Pranlukast reduces neutrophil but not macrophage/microglial accumulation in brain after focal cerebral ischemia in mice1
Introduction
After cerebral ischemia, the highly complex pathophysiological process that follows can be separated into 3 successive phases: metabolic stress and excitotoxicity (acute, within hours), inflammation and apoptosis (subacute, hours to days), and repair and regeneration (chronic, days to months)[1,2]. Post-ischemic inflammation in the subacute phase is an important event in which a large number of cells and molecules/mediators are involved. Among the inflammatory cells, the accumulation of neutrophils and macrophage/microglia in the brain is a determinant in pathogenesis[3–5]. Cysteinyl leukotrienes (CysLT, including LTC4, LTD4 and LTE4), the 5-lipoxygenase metabolites of arachidonic acid, represent one type of pro-inflammatory mediator involved in cerebral ischemia[6–9]. CysLT can increase blood–brain barrier (BBB) permeability and induce brain edema after cerebral ischemia and neutrophil perfusion[6,9]. However, their actions on inflammatory cells in the ischemic brain are still unknown, although neutrophil-endothelial cell cooperation has been suggested to induce brain edema via production of CysLT in guinea pig brains perfused with human neutrophils[9]. In peripheral tissues, CysLT can increase eosinophil adhesion[10] and transendothelial migration[11], which are involved in airway eosinophilic inflammation in asthma[12].
The pro-inflammatory actions of CysLT are mediated by activating cysteinyl leukotriene receptors (CysLT1 and CysLT2)[13]. CysLT1 receptor mRNA has been detected by Northern blotting in the brain[14], and its protein is primarily expressed in microvascular endothelium in human brain tissues[15]. We previously found that the CysLT1 receptor antagonists pranlukast (ONO-1078) and montelukast protected against acute and chronic ischemic brain injury in rats and mice[16–21]. This effect may partly result from inhibiting BBB permeability, brain edema, and glial scar formation[17,20,21]. However, whether pranlukast inhibits inflammatory cells in ischemic brain tissue is not yet clear.

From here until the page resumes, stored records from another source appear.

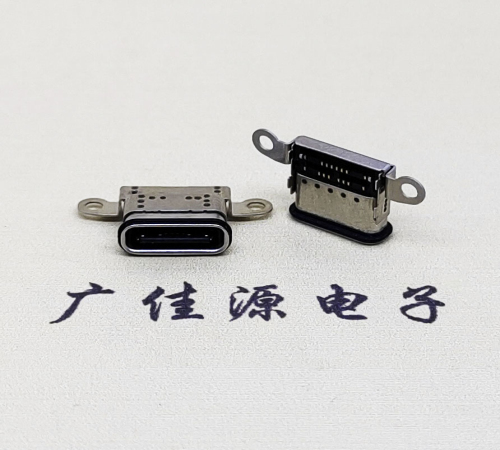 鄂州USB 3.1C口.TYPE-C16P防水双排贴插座带螺丝孔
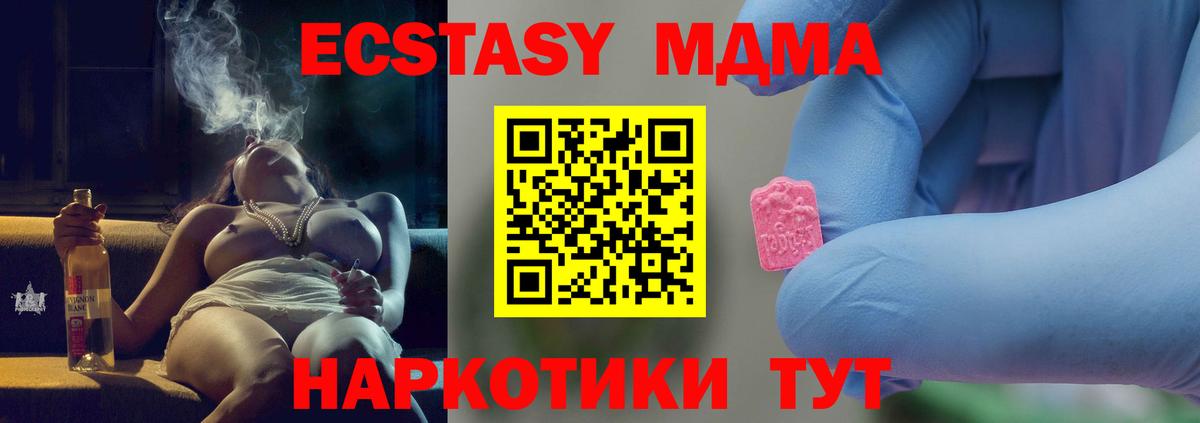 MDMA crystal  MDMA VHQ  Симферополь  Вход с VPN 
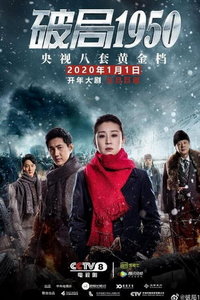 Прорыв: 1950 (сериал) онлайн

Therefore, to further determine whether the protective effect of pranlukast is associated with anti-inflammatory activity, in the present study we observed its effect on cerebral ischemia-induced neutrophil and macrophage/microglial accumulation as well as BBB disruption and neuronal injury in mice with focal cerebral ischemia.
Materials and methods
Materials Pranlukast (ONO-1078) was kindly provided by Dr Masami TSUBOSHIMA (Ono Pharmaceutical Co, Osaka, Japan). Chloral hydrate, 2,3,5-triphenyltetrazolium chloride (TTC) and biotinylated anti-mouse IgG antibody were purchased from Sigma (St Louis, USA). Fluoro-Jade B was purchased from Chemicon International (Temecula, CA, USA). Biotinylated anti-rabbit IgG, biotinylated anti-rat IgG, horseradish peroxidase streptavidin and 3,3'-diaminobenzi-dine were purchased from Zhongshan Biotechnology (Beijing, China). Polyclonal rabbit anti-myeloperoxidase (MPO) and monoclonal rat anti-CD11b antibodies were purchased from Serotec (Oxford, UK).
Physiological parameter monitoring Male Kunming mice weighing 25–30 g (Shanghai Experimental Animal Center, China; Certificate N
Mice were anesthetized by intraperitoneal injection of chloral hydrate (400 mg/kg). A polyethylene tube was inserted into the right femoral artery for continuously monitoring blood pressure, by using a computer-assisted system (MedLab-U/4cs; Nanjing MedEase, Nanjing, China), and for measuring PaO2, PaCO2, and arterial blood pH (ABL 330 blood gas analyzer; Leidu, Denmark). Blood glucose was monitored by using a one touch basic blood glucose monitoring system (Lifescan, USA). Rectal (core) temperature was measured and maintained at 37.0±0.5 ºC with a heating pad and a heating lamp during the surgery.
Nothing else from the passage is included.